* What you are asked to do:
Starting with the line that contains "Saint Edward's High", repeat each line exactly through the final line of the listing. No picture should appear in the copy.

* Collected material:
^^^^^^^^

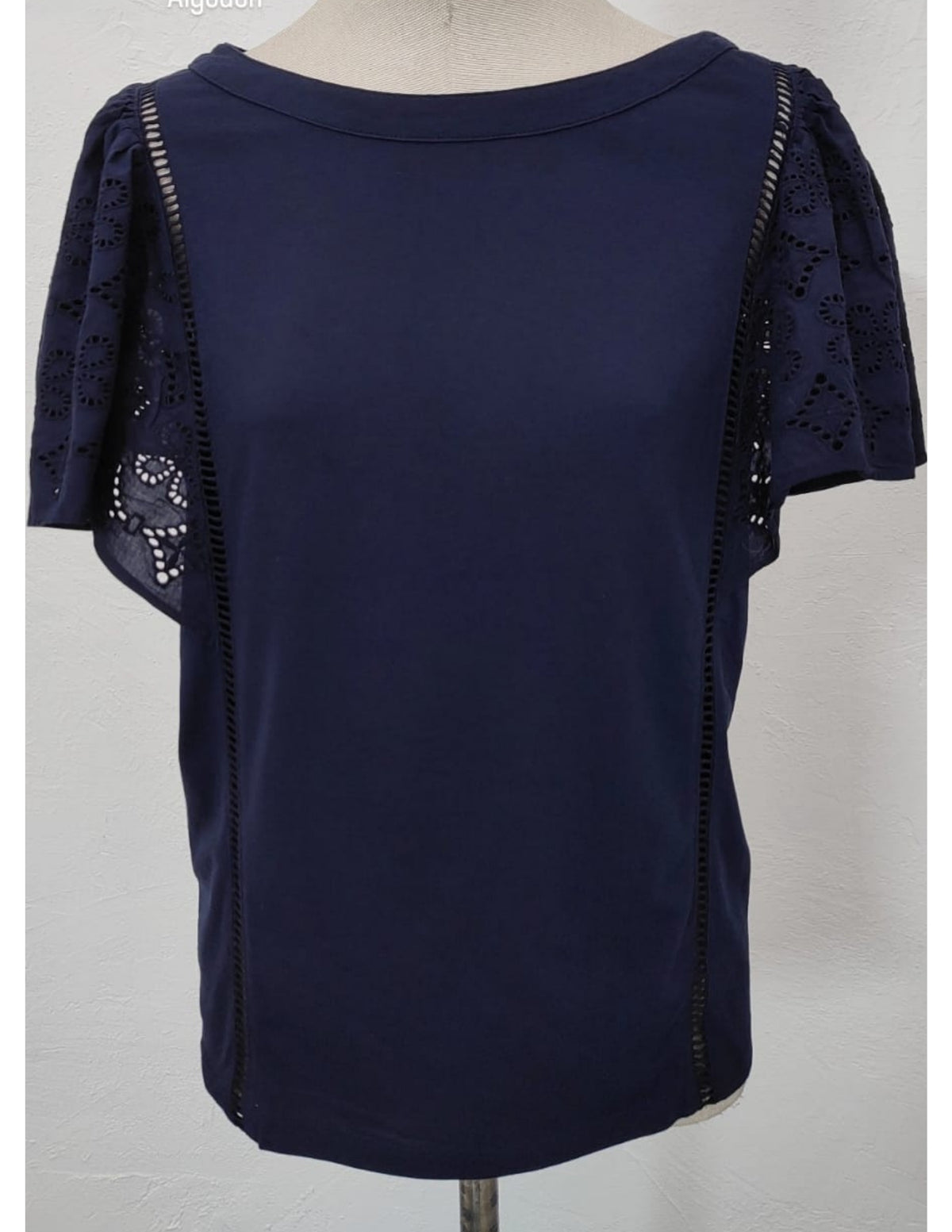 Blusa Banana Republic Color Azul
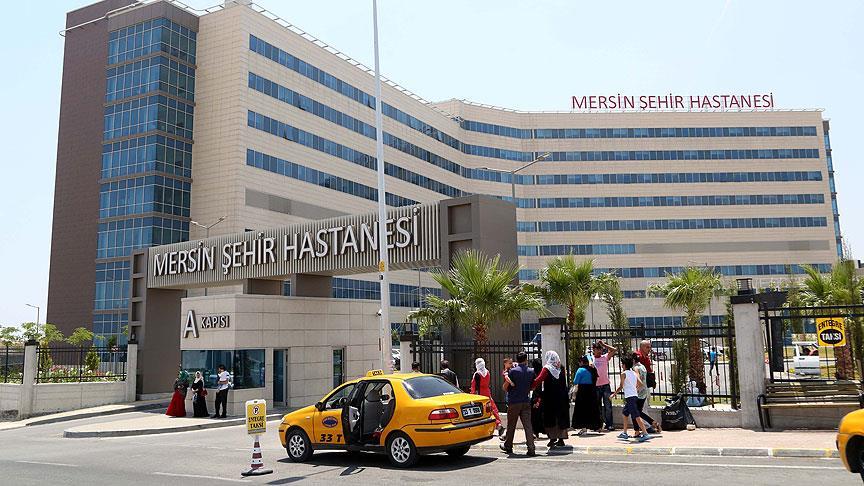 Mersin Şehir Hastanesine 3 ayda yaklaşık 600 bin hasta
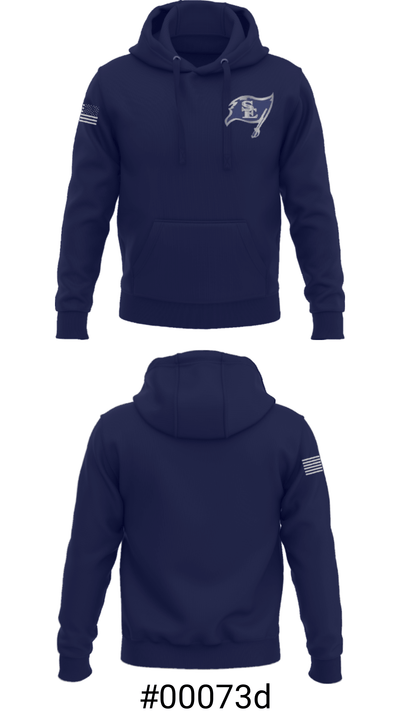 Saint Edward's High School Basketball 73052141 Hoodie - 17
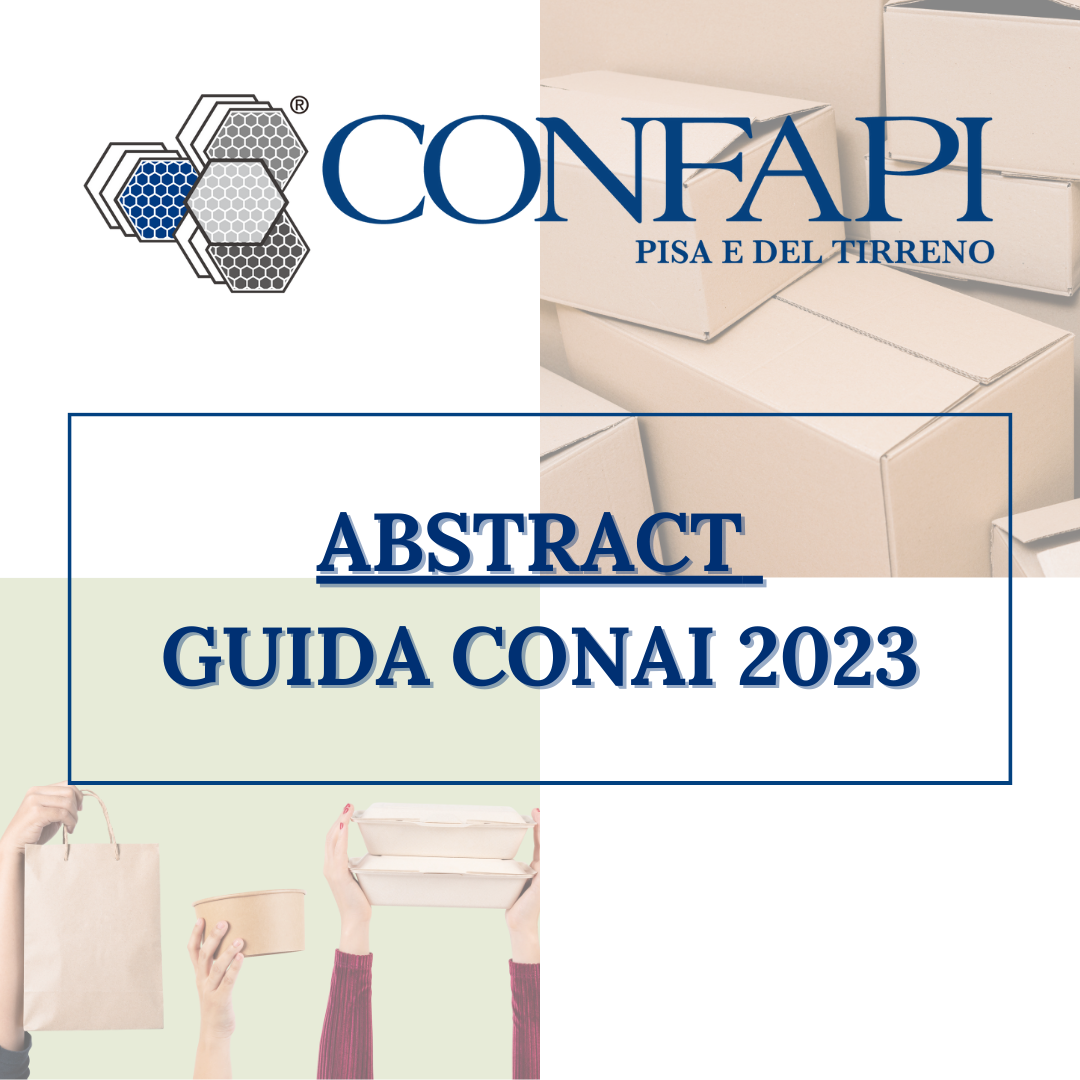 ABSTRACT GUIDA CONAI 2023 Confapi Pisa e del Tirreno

^^^^^^^^

* Response box:
 Saint Edward's High School Basketball 73052141 Hoodie - 17
 ABSTRACT GUIDA CONAI 2023 Confapi Pisa e del Tirreno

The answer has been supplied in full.